Just before Christmas, I spent a few days in Belgrade and Budapest. It was extremely cold, and I had quite a bad cough and sore throat. As a consequence, beautiful as these cities are when covered with snow, I was inclined to stay inside.
No real problem there. The Central Europeans almost invented the cafe, and the options varied from little places that you enter by stumbling down a set of stone steps that lead to a cozy basement, to huge, spacious places that have ceiling murals that appear to have gotten a little lost after being originally planned to decorate the Sistine Chapel. (These specific ones tend to be more in Budapest than Belgrade, The Austrian Empire persists).
In any event, in both cities, cafes, bars, restaurants and taverns seem to invariably be filled with smoke. I am not a smoker, and although I generally prefer a venue without tobacco smoke, I am capable of putting up with it. However, with my sore throat, being in a room full of smoke led to quite a bit of discomfort. It would have been nice to find a cafe which was not full of smoke.
Of course, home in London, there is a complete smoking ban in bars, cafes, and restaurants. I would have been fine, but a smoker looking for a place to smoke that was not his home and was not indoors would have been out of luck. One cannot smoke even in premises specifically designed for the benefit of smokers: smoking clubs and cigar clubs are essentially illegal. Proponents of anti-smoking laws who claim that an exception for smoking clubs would be taken advantage of to allow smoking in other venues are correct of course. In places (eg Bavaria) where there is a smoking ban and an exception for smoking clubs, paying what you think is a cover charge when entering a jazz club, and discovering later that you are now a fully paid up member of a smoking club is not an unknown experience. On the other hand, I am hard pressed to see how this matters. There is no shortage of genuinely non-smoking venues in Bavaria.

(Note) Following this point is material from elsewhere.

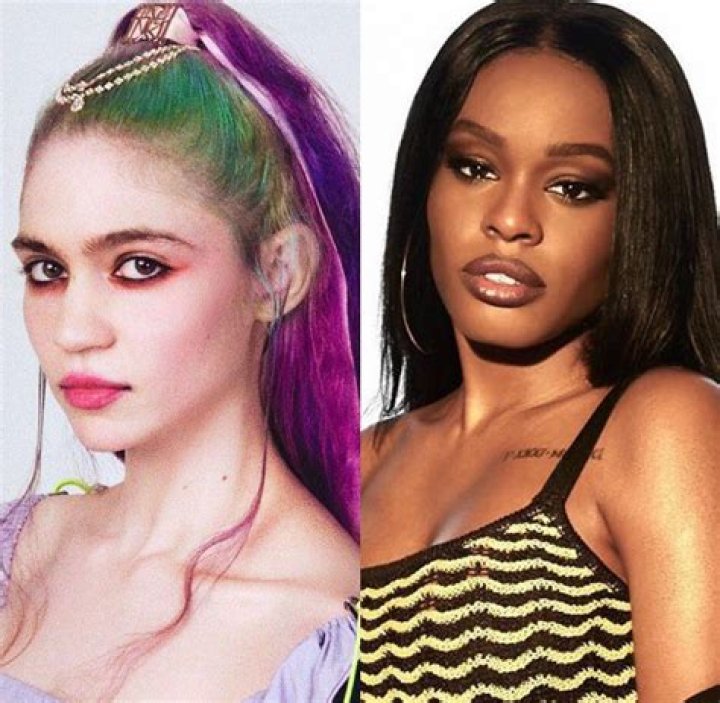 Azealia Banks Suggests Grimes Has "Some Psychosexual Obsession" With Her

When I go to Spain, I find what appears to be a far more satisfactory experience. Spanish law does not impose a complete smoking ban in bars, restaurants etc. The law there states that large venues shall be non-smoking, but there may be a smoking room. With respect to small venues, the owner of the property may decide whether smoking is permitted or not, and there shall be a clear sign near the door stating whether it is.
I find this a very satisfactory outcome. If I want a non-smoking venue, I have little difficulty finding one. I doubt smokers have much difficulty finding a venue that allows smoking, either. If I am in a large party of people that contains both smokers and non-smokers, then I can be away from smoke and smokers are free to go off and have a smoke in the smoking room. If I am in a small party of people that contains both smokers and non-smokers, then we can choose our venue between us. The non-smokers can choose to put up with some smoke, or the smokers can decide to refrain from smoking indoors for the evening. Non-smokers can freely associate with smokers, or not, as they choose.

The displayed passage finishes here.